Quella sera praticamente l’intero paese si è alternato a cenare lungo le lunghe tavole della taverna organizzata in una cantina aperta solo durante la festa. Mi sono seduto a fianco di Suzie Behrens e il suo partner, Paddy Scott, che gestisce una piccola scuola di inglese nel paese La piccola Paciano sembra un luogo insolito per trovare due emigrati che insegnano inglese e Suzie ha ammesso che quando sono arrivati qui dopo aver girato per l’Italia, “i nostri amici a Londra ci hanno presi per pazzi. Non ci sono discoteche. Non ci sono cinema. Ma ci è piaciuta. Quando siamo arrivati, le anziane ci abbracciavano perché erano felici che nel paese si trasferissero dei giovani”.
Lasciamo la taverna e mentre siamo fuori, in procinto di andare in piazza a bere un bicchiere a Il Baretto, il suono dei canti degli studenti che cantano le canzoni di Natale nella chiesa di Santa Maria Assunta risuona tra le mura e attraversa il cielo notturno.
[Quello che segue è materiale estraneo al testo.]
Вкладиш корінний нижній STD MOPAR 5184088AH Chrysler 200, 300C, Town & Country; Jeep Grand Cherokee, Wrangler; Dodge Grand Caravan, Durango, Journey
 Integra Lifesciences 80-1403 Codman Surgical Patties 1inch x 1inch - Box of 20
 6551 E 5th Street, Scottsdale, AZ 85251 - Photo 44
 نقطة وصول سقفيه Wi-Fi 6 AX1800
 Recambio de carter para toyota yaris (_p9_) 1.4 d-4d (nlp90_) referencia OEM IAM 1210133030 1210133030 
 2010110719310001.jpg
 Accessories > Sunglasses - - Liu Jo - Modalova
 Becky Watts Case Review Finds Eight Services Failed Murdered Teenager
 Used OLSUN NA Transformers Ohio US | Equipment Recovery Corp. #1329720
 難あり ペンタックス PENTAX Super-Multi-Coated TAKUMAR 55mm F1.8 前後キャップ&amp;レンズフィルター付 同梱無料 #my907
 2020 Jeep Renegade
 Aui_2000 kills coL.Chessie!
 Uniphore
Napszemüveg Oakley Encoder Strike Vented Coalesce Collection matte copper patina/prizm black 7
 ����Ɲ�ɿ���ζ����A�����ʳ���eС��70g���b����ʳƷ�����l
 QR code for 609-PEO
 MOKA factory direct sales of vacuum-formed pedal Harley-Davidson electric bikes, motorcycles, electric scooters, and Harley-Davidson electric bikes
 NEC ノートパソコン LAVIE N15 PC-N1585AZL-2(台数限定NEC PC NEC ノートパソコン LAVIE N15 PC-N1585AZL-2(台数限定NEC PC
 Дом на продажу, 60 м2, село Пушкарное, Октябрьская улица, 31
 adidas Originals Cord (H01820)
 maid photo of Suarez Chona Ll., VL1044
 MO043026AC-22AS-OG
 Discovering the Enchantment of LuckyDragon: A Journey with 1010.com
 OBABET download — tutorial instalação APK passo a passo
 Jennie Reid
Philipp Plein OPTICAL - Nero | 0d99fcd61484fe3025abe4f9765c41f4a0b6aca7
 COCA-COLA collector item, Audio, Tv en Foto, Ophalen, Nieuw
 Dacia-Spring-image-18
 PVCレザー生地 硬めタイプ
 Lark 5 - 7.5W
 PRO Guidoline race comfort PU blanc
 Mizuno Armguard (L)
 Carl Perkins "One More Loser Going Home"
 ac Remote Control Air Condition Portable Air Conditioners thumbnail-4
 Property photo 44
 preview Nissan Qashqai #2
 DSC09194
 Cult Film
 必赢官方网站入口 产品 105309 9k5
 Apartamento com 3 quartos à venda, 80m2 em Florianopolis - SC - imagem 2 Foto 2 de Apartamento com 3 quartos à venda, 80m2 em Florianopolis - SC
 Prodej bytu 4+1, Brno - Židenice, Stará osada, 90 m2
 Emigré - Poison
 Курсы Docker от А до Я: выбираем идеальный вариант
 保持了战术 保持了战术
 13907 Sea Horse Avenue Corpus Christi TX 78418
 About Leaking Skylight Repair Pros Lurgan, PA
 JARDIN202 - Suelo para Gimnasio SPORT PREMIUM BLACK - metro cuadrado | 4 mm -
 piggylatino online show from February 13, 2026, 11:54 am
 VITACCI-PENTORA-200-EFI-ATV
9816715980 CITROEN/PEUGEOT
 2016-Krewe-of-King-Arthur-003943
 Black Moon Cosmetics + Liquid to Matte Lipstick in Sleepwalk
La mattina seguente, Leslie, Tim ed io partiamo per andare alla tenuta di David, salendo lungo una collina coltivata ad olivi ci imbattiamo sulla sua tomba, contraddistinta da un basamento in marmo con un globo cinto da una balena. La radice di Paciano è “pax“, o pace; dopo una vita irrequieta spesa a viaggiare il mondo, è proprio la pace che David ha trovato qui e quello che avrà per sempre, su un fianco riparato della collina, a guardia dei suoi amati olivi.